Um terceiro fato que absolve o Garage de qualquer acusação quanto ao consumo de drogas ou à entrada de menores encerra o assunto. Eu mesmo, no último sábado, coincidência ou não, quando a nefasta matéria já estava impressa, estive no Garage. Era aniversário de minha sobrinha, e o presente solicitado era uma ida ao Garage (e à Rua Ceará) com seus amigos. Chegando lá, conversei com Wilma Fernandes, a atual responsável pela casa, sobre a possibilidade do grupo de adolescentes, todos menores, entrarem para assistir aos shows. Wilma foi taxativa. Me disse um sonoro não sem maiores rodeios e esclareceu-me sobre todos os problemas que têm enfrentado para cumprir o que a lei determina, já que boa parte do público rock (alvo da casa) é composta de adolescentes. A proprietária ainda afirmou que ela própria impede o consumo de drogas dentro do Garage, retirando pessoalmente quem “sai da linha”. Tudo isso numa conversa informal, onde Wilma poderia até ter admitido o contrário, se fosse o caso. Já do lado de fora, um dos amigos de minha sobrinha, também menor, disse que já desistiu de entrar no Garage, visto que foi barrado diversas vezes. No Garage, é fato, menor não entra e lá dentro não se consome drogas.

Aqui cabe um parêntese. O Estatuto da Criança e do Adolescente, considerado um dos mais avançados do mundo, deve estar sendo, no mínimo, mal interpretado por nossas autoridades. Confesso que nunca li o texto amiúde, e que impedir o acesso de adolescentes ao álcool e as drogas (embora eu não seja contra nenhum dos dois, mas a discussão é longa), é uma atitude das mais acertadas. Mas daí a vedar o acesso do adolescente ao rock, à música, à cultura, enfim, não está correto. Dependendo do tipo de artista, o público adolescente é fundamental, é para este que o som é feito. Há de se encontrar uma forma de manter os menores longe das drogas, sim, mas não necessariamente longe do rock’n'roll.

Voltando à matéria d’O Globo, talvez nossa querida equipe de reportagem tenha confundido o público rock que freqüenta a Rua Ceará com o da Vila Mimosa. Ora, ninguém se prostitui na Rua Ceará, muito menos atrás de carros. Só uma visão muito atrasada pode enxergar, num amasso atrás de um veículo estacionado, uma cena de prostituição. Se prostituir é fazer sexo por dinheiro, e os adolescentes que freqüentam a região podem até namorar com, digamos, maior veemência, mas jamais por grana. Na Vila Mimosa, sim, a prostituição é o negócio. Mas lá, duvido muito que uma profissional do sexo exerça sua profissão na rua. Como diz o ditado, a zona é um local de trabalho dos mais organizados.

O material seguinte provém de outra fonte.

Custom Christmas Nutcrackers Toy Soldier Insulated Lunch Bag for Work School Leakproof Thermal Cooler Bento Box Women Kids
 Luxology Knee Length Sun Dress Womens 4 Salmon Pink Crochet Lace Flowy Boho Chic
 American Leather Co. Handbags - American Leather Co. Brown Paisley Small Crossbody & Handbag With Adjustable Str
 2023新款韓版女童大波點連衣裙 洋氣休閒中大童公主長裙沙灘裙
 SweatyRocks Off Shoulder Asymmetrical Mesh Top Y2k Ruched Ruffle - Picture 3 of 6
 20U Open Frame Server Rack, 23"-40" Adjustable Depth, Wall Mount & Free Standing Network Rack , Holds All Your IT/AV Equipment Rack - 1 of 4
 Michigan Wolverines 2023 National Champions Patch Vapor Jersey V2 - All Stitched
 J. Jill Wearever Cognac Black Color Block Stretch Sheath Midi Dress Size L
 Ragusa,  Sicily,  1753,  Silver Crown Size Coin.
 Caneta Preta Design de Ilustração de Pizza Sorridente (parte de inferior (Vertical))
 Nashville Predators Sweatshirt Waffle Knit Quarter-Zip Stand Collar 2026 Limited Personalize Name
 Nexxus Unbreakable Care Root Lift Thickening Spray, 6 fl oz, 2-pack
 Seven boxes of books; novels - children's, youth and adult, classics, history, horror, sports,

Voltando a questão dos menores, se eles estão freqüentando a alta madrugada da Rua Ceará, a reportagem d’O Globo deveria argüir os seus responsáveis. Se eles recorrem a locais onde possam ter mais liberdade, é porque não encontram essa liberdade em casa ou em outras instituições de nossa sociedade. O problema é muito mais profundo e complexo, do que simplesmente se apontar para uma região e, tal qual um policial, buscar culpados e firmar estereótipos que nada contribuem para sua solução. A questão, antes de ser um caso de polícia, é, sobretudo, social.

Por fim, fica aqui um depoimento pessoal. Freqüento points rock no Rio de Janeiro há mais de 20 anos, já conheci lugares semelhantes em várias cidades, no Brasil e no exterior. Já vi de tudo, em se tratando de drogas, do Circo Voador ao bairro vermelho, em Amsterdã. Certamente sou um dos que mais vezes esteve no Garage e na Rua Ceará, freqüento a região desde que o então “Garage Art Cult” só exibia vídeos. E afirmo, sem medo de errar, que nunca vi, no Garage, nada disso que a reportagem d’O Globo publicou no último domingo.

Até a próxima, e long live rock’n'roll!!!